# Handwriting recognition

In [None]:
import numpy as np
import matplotlib.pyplot as plt
import jax.numpy as jnp
import jax
import time

## Data import and visualization

Import the MNIST train dataset ([https://en.wikipedia.org/wiki/MNIST_database](https://en.wikipedia.org/wiki/MNIST_database))

In [None]:
# This dataset is contained in the sample data directory of Google Colab online runtimes
data = np.genfromtxt('sample_data/mnist_train_small.csv', delimiter=',')
data.shape

Store the data in a matrix and the labels in a vector.

**REMARK**: in this lab we will work with features/classes on rows and samples on columns.

In [None]:
labels = data[:,0]
x_data = data[:,1:].transpose() / 255
labels.shape, x_data.shape

Visualize the first 30 pictures with the corresponding labels

In [None]:
fig, axs = plt.subplots(ncols = 10, nrows = 3, figsize = (20,6))
axs = axs.reshape((-1,))
for i in range(30):
  image_i = x_data[:,i].reshape((28,28))
  axs[i].imshow(image_i, cmap='gray')
  axs[i].set_title(int(labels[i]))
  axs[i].axis('off')

Create a [one-hot](https://en.wikipedia.org/wiki/One-hot) representation of the labels, that is a matrix where each row corresponds to a class (i.e. a digit).
the entries of the matrix are 1 if the sample corresponds to that digit, 0 otherwise.

In [None]:
y_data = np.zeros((10, 20000))
for i in range(10):
  y_data[i, labels==i] = 1

Check that the matrix has exactly one element "1" in each column.

In [None]:
row_sums = np.sum(y_data, axis = 0)
row_sums.min(), row_sums.max()

## ANN training

Write a function to initialize the parameters (with Glorot Normal initialization) and a function implementing a feedforward ANN with tanh activation function.

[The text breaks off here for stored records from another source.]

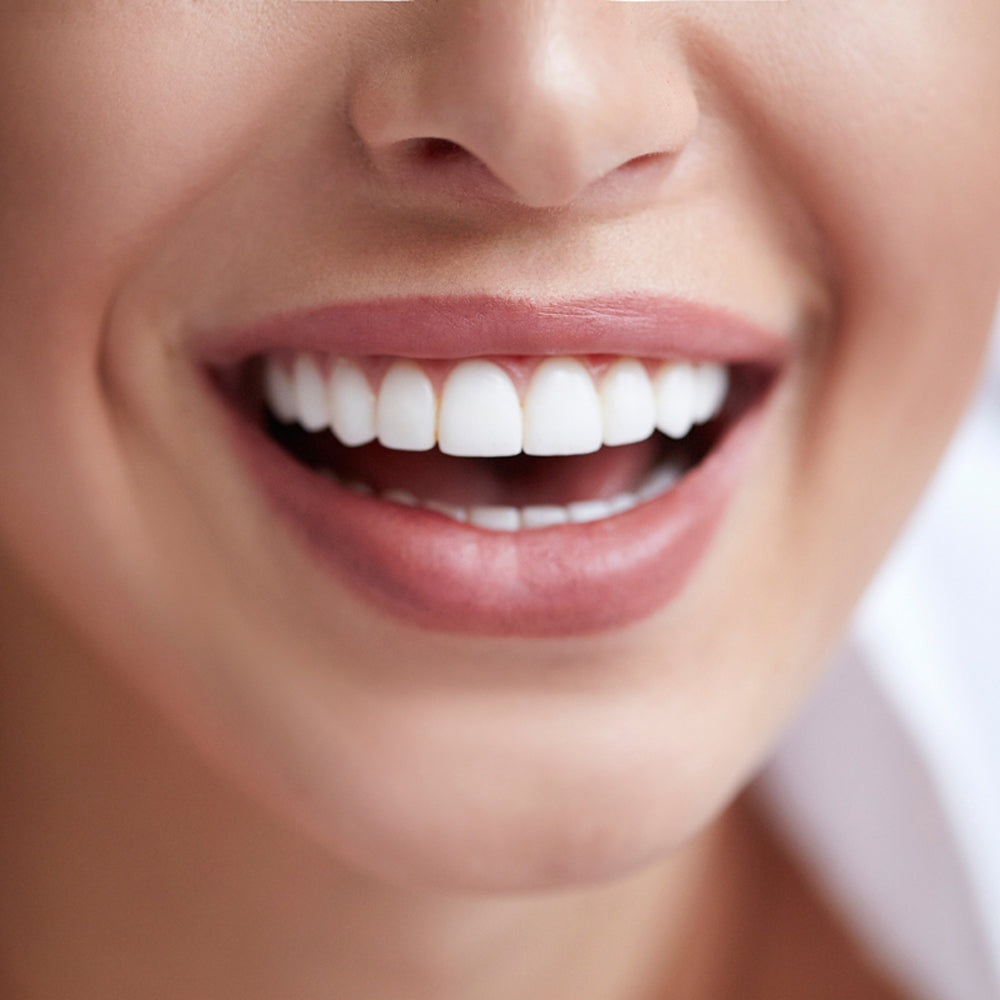Teeth whitening - patient with white teeth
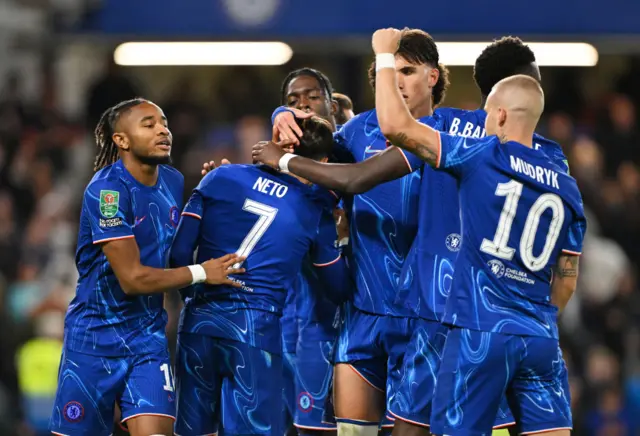 Pedro Neto is surrounded by his team-mates after scoring for Chelsea against Barrow in the EFL Cup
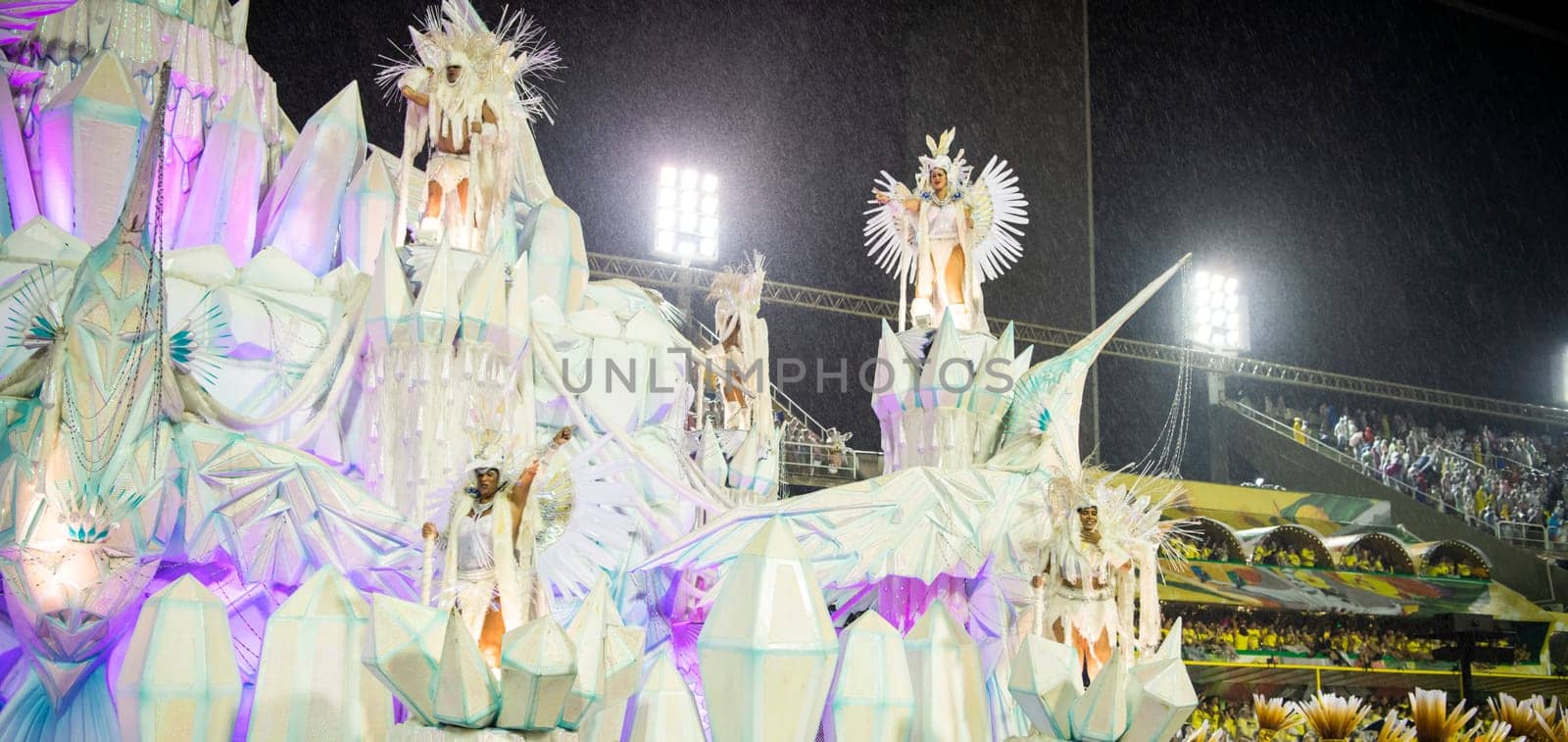 Rio de Janeiro, Brasil-  February 29, 2020: Samba Parade at the 2020 Carnival, Champions Parade, Sambodromo. It's raining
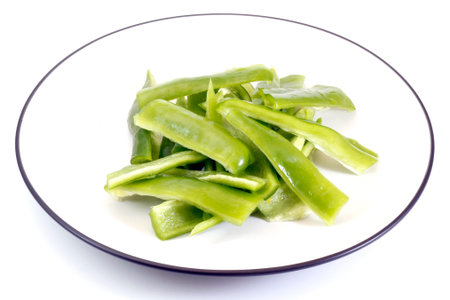 Cut Green Peppers in a white plateの写真素材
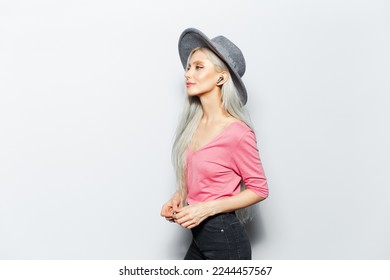Studio side portrait of young attractive blonde girl with wireless earphones in ears, wearing grey hat and pink shirt, on white background.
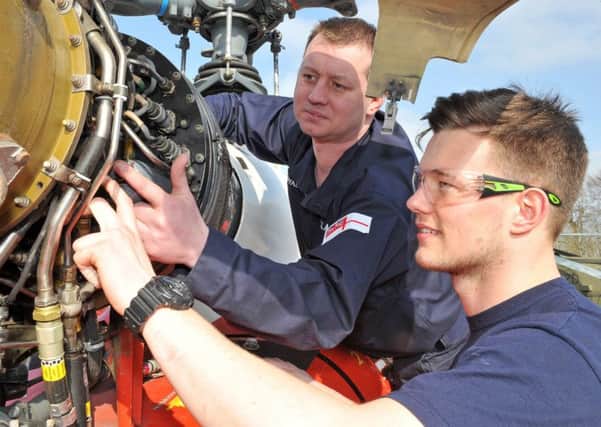 SKILLS Petty Officer James Callaghan provides some technical guidance to Phillip Broodbank, during the mechanical training workshops at HMS Sultan 				Picture: L(Phot) Dave Jenkins
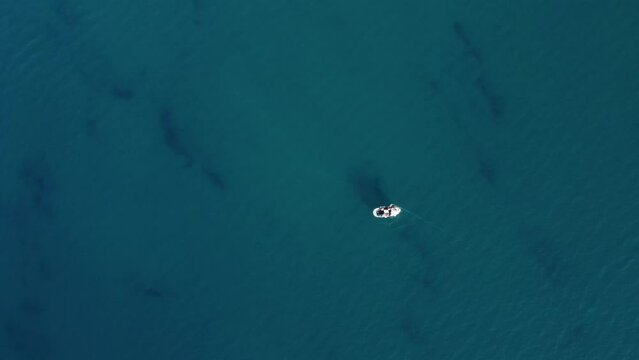 drone, vista dall'alto. Pescatore su piccola barca in mare limpido e azzurro raccoglie rete da Pesca. 
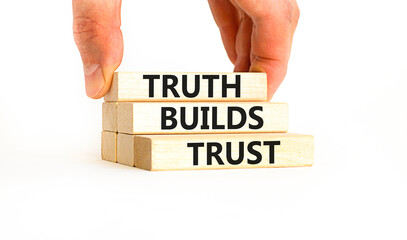 Truth builds trust symbol. Concept words Truth builds trust on wooden blocks on a beautiful white table white background. Businessman hand. Business truth builds trust concept. Copy space.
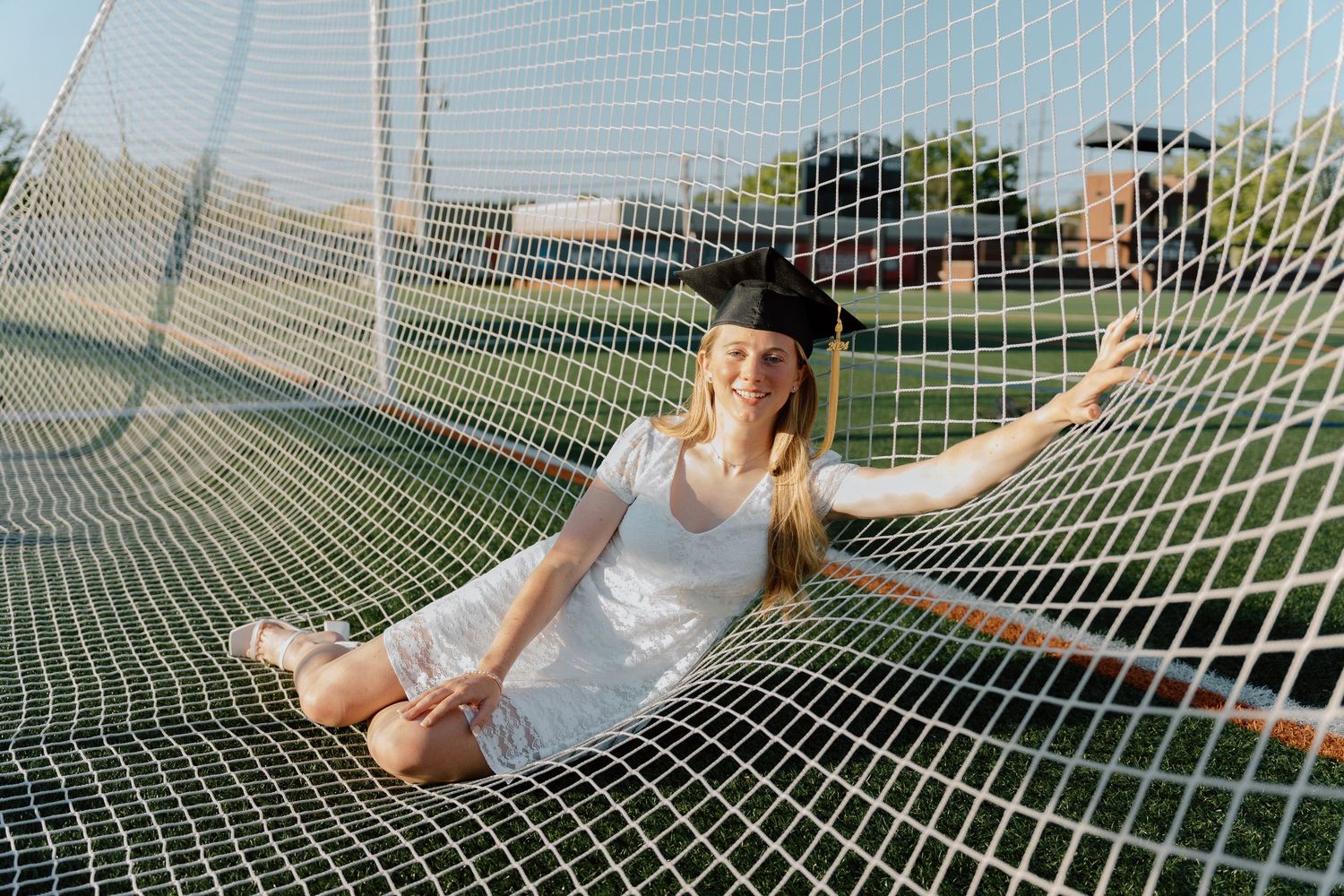 Students relaxing in a hammock net on a sunny day outside on campus.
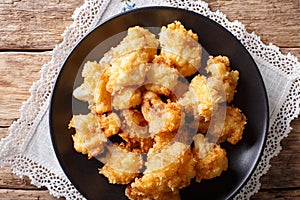 Fried cauliflower in breading close-up. Horizontal top view photo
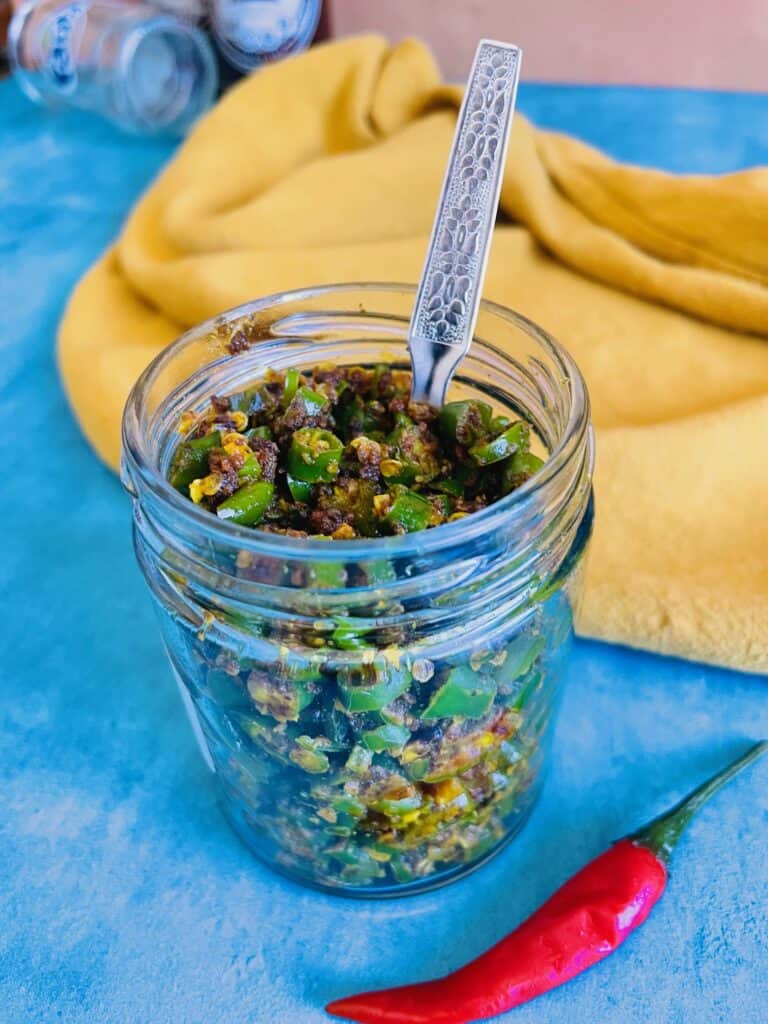 Mauritian Green Chili Achard in a glass jar and a stainless steel spoon inside the jar. A red Thai chili is in front of the jar.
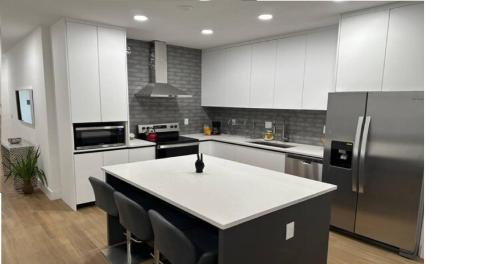 a kitchen with white cabinets and a white counter top at Enjoy our brand new home close to Hollywood in Hallandale Beach! in Hallandale Beach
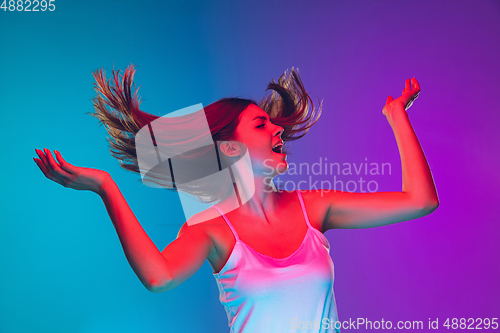 Image of Caucasian young woman\'s portrait isolated on gradient purple-blue background in neon light, cinema, movie watching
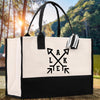 A black and white tote bag with a graphic design on it, placed on a wooden surface with a natural outdoor background.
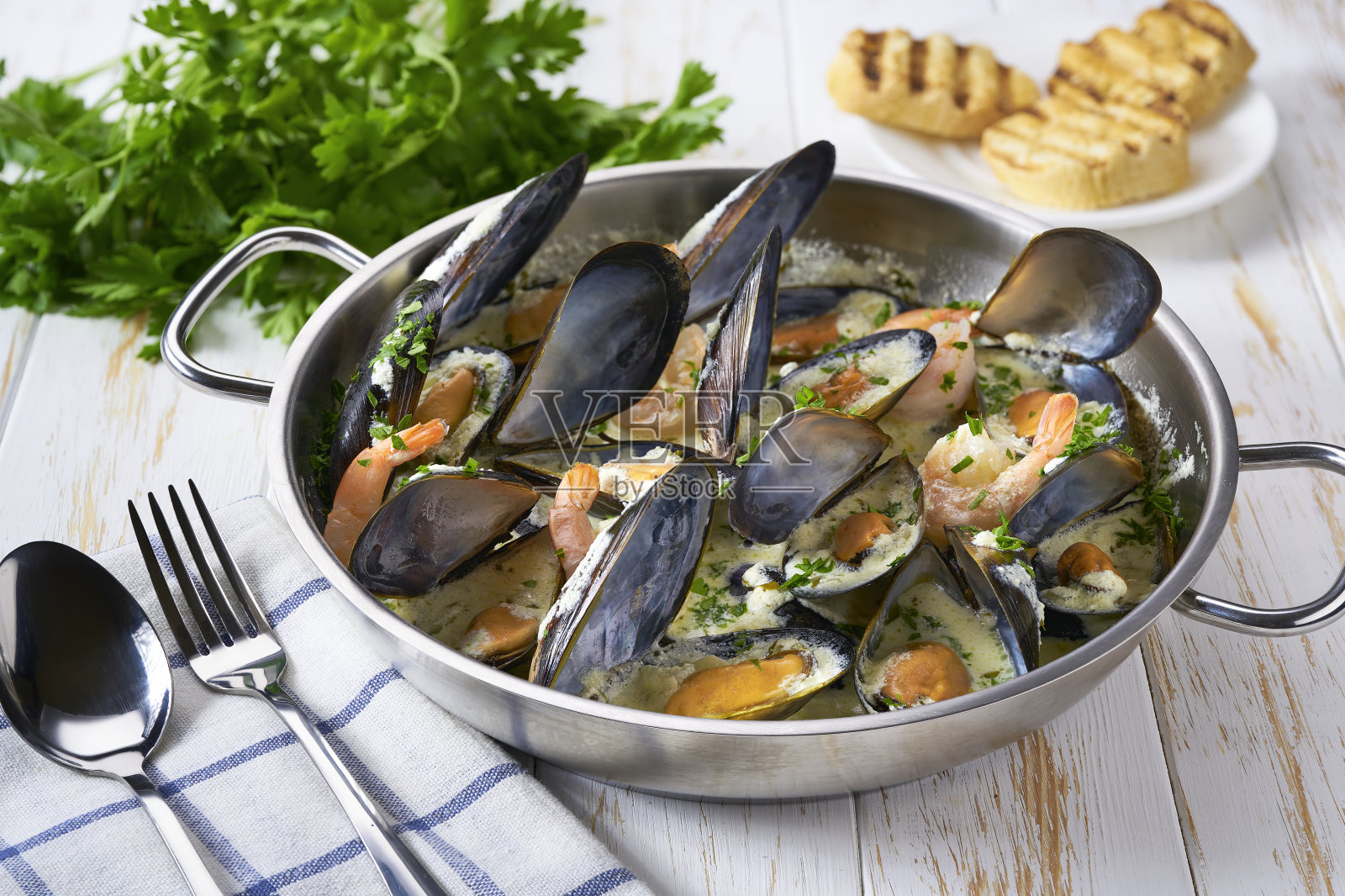 用金属锅煮白汁的美味海鲜。照片摄影图片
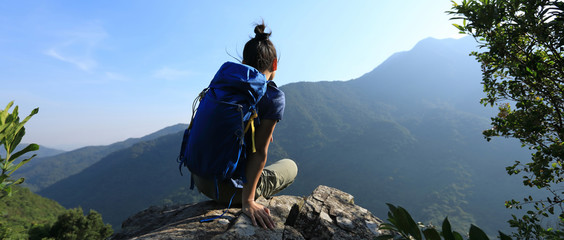 Successful woman backpacker sit on cliff's edge at mountain top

To the last layer of the ANN, apply a *soft-max* layer. If $z_1, \dots, z_n$ are the activations of the last layer neurons, the soft-max layer produces $\hat{z}_1, \dots, \hat{z}_n$, defined as
$$
\hat{z}_i = \frac{e^{z_i}}{\sum_{j=1}^n e^{z_j}}
$$
In this manner the outputs of the ANN satisfy by construction:
- $\hat{z}_i \in [0,1]$
- $\sum_{j=1}^n \hat{z}_j = 1$

Therefore, they can be intepreted as probabilities.

When the ANN will be trained, we will take the digit corresponding the the hightest proabability as prediction of the model.

Test the ANN and check that the above properties are satisfied.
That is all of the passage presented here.